Supermarket Direct
- Industry: Internet retail
- Founded: October 1995; 30 years ago
- Founder: Adrian Flanagan, Dominick Scott-Flanagan
- Fate: Bought by Somerfield
- Headquarters: London, U.K.
- Area served: South East England
- Key people: David Noble
- Services: Groceries

= Supermarket Direct =

British online grocer

Supermarket Direct was a pioneering online grocer, providing a home grocery shopping and delivery service in London from October 1995. The company sold Sainsbury's-provided groceries until it was bought by Somerfield and integrated into the Somerfield Direct home shopping service.

==History==

Supermarket Direct was founded by Adrian Flanagan and Dominick Scott-Flanagan, and launched in October 1995.
The deal with Sainsbury's made Sainsbury's the first major grocery store in the UK to provide home shopping.

At the launch, customers could select from a catalogue of 1,700 proprietary branded groceries, and telephone or fax their order to a call centre.

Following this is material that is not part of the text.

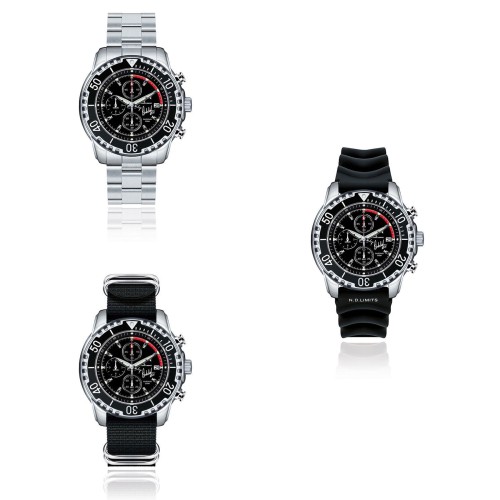 Zegarek nurkowy Chris Benz Surf&Sail Bjorn Dunkerbeck Chronograph 200M CB-200BD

Orders received before 6pm could be delivered within a two-hour period the following day. Following a relaunch in 1996 a further 800 Sainsbury's-branded groceries were added to the catalogue, and by November 1998 over 4,000 products were available including Flanagan's own label products. Delivery was charged for, initially at £4, later at £5.

Running a small fleet of 12 vans, by the start of 1997 the company had 5,000 regular customers and was taking 170 orders per day.

Somerfield bought Supermarket Direct in April 1999 for £3.25 million, and Supermarket Direct partners Dominick Scott-Flanagan and David Noble joined the Somerfield Direct board. At the time Somerfield Direct only covered the South West of England from its base in Bristol. With the incorporation of Supermarket Direct, Somerfield Direct extended its range to the London area.